Les mots les plus simples sont les plus profonds. Prenons, par exemple, le mot « appel ». Il est constamment sur nos lèvres. L'appel du berger à ses brebis, celui des gardiens de troupeau sur les collines, celui de la mère à son enfant. Et Dieu se l'approprie dans ses relations avec les hommes. Il les appelle. Du trône de sa gloire, il parle à chaque âme humaine une fois, deux fois, plusieurs fois, comme lorsqu'il a dit « Samuel, Samuel » ou « Saul, Saul ». À un moment solennel où une décision doit être prise, dans un moment de crise terrible, par une voix humaine ou par des mots écrits, ou par les supplications et les remontrances de la conscience, la voix de Dieu peut se faire entendre, appelant les hommes à Lui, au ciel et à une vie sainte. C'est sur cet appel que l'apôtre fonde son argument en faveur de la sainteté. Agissez dignement de l'amour qui vous a appelés, et du but auquel vous avez été appelés. Arrêtez-vous et demandez-vous, avant de parler, d'agir ou de décider : « Est-ce digne du grand idéal que Dieu a conçu pour moi, lorsqu'Il m'a appelé parmi les hommes pour être son prêtre, son saint, son fils ? Si ce n'est pas le cas, évitez-le ! »
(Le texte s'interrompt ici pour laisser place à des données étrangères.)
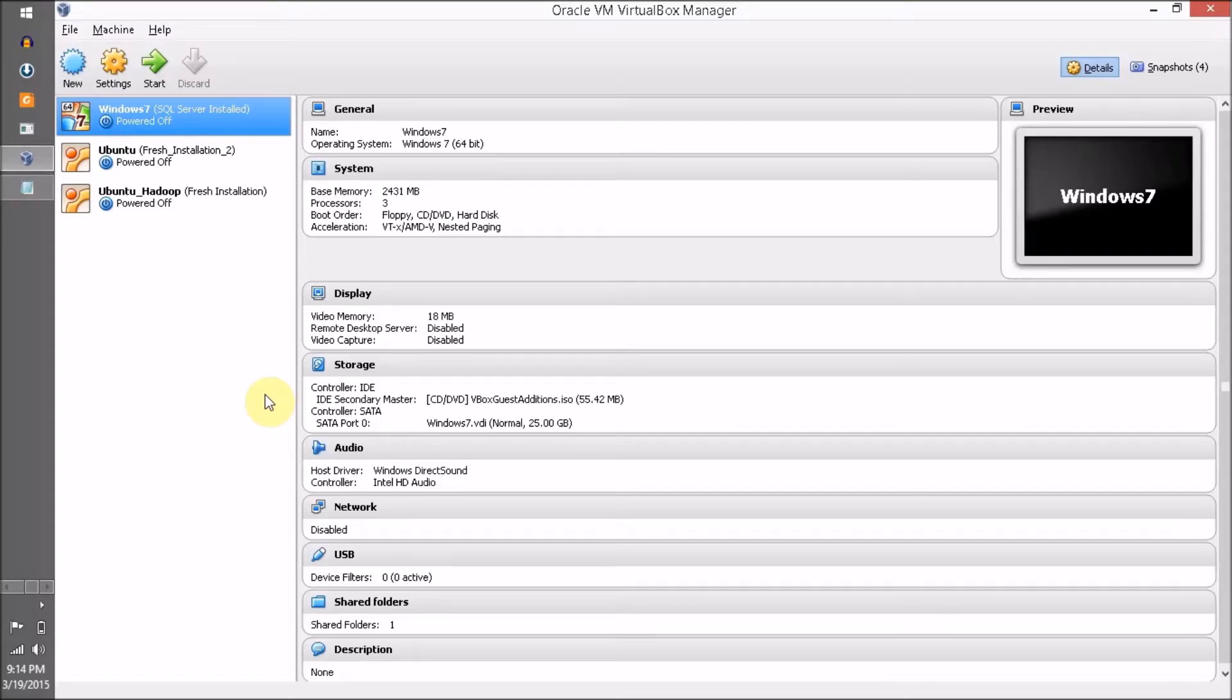Hello everyone, this is Mike Sanghvi from VLama.com and I am back with another video. In this video we are going to learn about how to import Hortonworks Sandbox in Oracle VM VirtualBox.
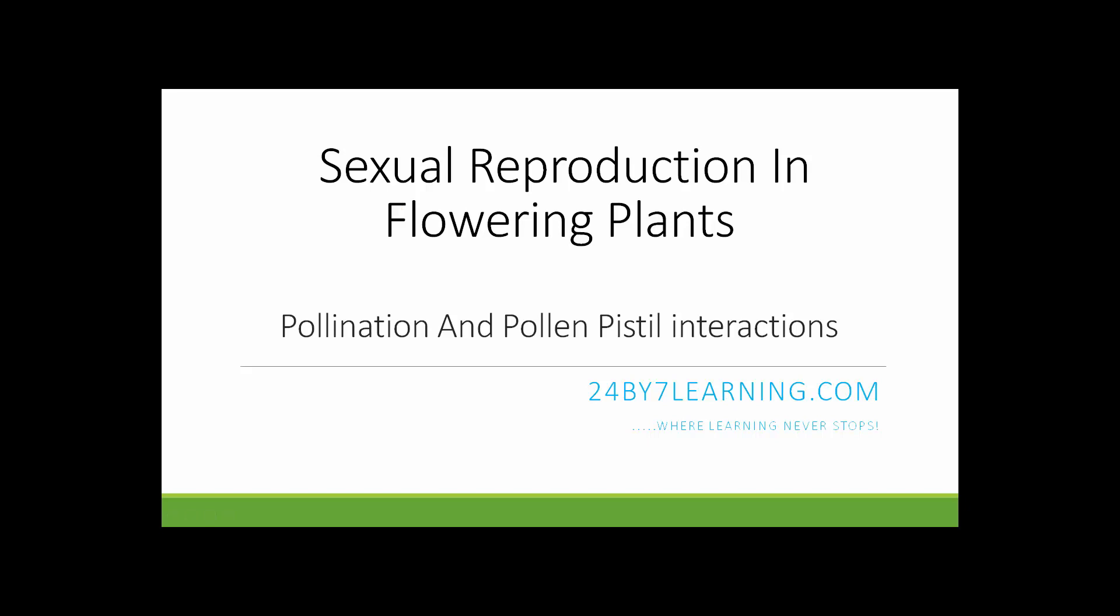Hello students, in this lesson we will see the sexual reproduction in flowering plants. And in this video, you will know about pollination and pollen-pistil interactions.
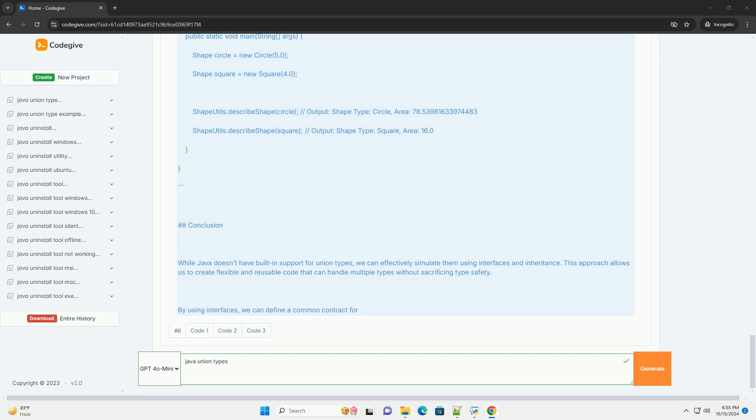Using Interfaces to Simulate Union Types. Let's say we want to create a system that can handle different shapes, example circle and square. We can define a common interface called shape and then have different classes implement this interface.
MARCHEZ DANS LA LUMIÈRE. (Éphésiens 4:17, Éphésiens 5:8)

Dieu est lumière ; et lorsque nous vivons en communion quotidienne, heure par heure, avec Lui, dans un état d'esprit tel que Son nom est fréquemment dans nos cœurs, ou murmuré doucement par nos lèvres, ou prononcé comme un talisman lorsque la tentation est proche, nous pouvons dire que nous marchons dans la lumière. Et c'est dans la mesure où nos pas foulent le chemin cristallin de la lumière que notre intelligence s'éclaire. Dans la lumière de Dieu, nous voyons la lumière. Quand le cœur est pur, l'œil est simple.
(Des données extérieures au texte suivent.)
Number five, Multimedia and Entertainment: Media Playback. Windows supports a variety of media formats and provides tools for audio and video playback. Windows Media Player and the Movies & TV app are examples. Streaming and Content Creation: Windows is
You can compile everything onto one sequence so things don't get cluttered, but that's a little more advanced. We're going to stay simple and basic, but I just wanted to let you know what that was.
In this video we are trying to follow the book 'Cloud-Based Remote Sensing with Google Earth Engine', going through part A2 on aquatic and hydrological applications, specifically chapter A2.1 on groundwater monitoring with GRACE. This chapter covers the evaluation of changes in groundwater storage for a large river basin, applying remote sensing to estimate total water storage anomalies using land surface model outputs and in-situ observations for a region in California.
Le contraire est également vrai. Lorsque nous sommes éloignés de la vie de Dieu, notre intelligence est obscurcie à la vérité de Dieu. Le siège de l'infidélité est dans le cœur. Une fois qu'une âme s'est coupée de la vie de Dieu par le durcissement de son cœur, une fois qu'elle s'est abandonnée à la lascivité et qu'elle a fait commerce de la souillure avec avidité, alors la lumière de la connaissance de la gloire de Dieu frappe contre une fenêtre fermée, demandant en vain qu'on lui ouvre.

Si vous voulez connaître Dieu, vous devez ressembler à Dieu. Si vous voulez apprendre les secrets de Dieu, vous devez marcher avec Dieu. Si vous voulez connaître la doctrine, vous devez être disposé à faire Sa volonté.

Mais il y a quelque chose de mieux encore que de marcher dans la lumière : c'est de devenir enfants de la lumière. Quelle conception exquise ! Les gouttes de rosée scintillant à la lumière de l'aube, la poussière d'étoiles brillant dans la voûte céleste, les colibris voletant sous le soleil tropical, les enfants dansant dans une joie insouciante, aucun d'entre eux n'est aussi véritablement fils de la lumière que ceux qui ont été engendrés par le Père des lumières, qui portent en eux la Lumière qui illumine les cœurs et qui, dans la bonté, la justice et la vérité, prouvent ce qui est agréable au Seigneur. Vivons ainsi.

MARCHEZ DANS L'AMOUR. (Éphésiens 5:2)

Nous devons imiter l'amour de Dieu en Christ. L'amour qui donne, qui ne compte pas le prix, et qui, en se sacrifiant pour les autres, offre tout à Dieu et fait tout pour Lui. Tel était l'amour de Jésus, doux pour Dieu comme le parfum des champs de foin frais en juin ; et cela doit être notre modèle.

Notre amour ne doit pas aller vers ceux qui nous aiment, mais vers ceux qui nous haïssent ; non pas vers ceux qui sont agréables et plaisants, mais vers ceux qui nous repoussent ; non pas parce que nos sentiments naturels sont excités, mais parce que nous voulons servir, même jusqu'à la croix. Et chaque fois que nous nous sacrifions ainsi pour un autre par amour de Dieu, nous entrons dans une partie du sens du sacrifice du Calvaire, et une odeur agréable monte vers Dieu.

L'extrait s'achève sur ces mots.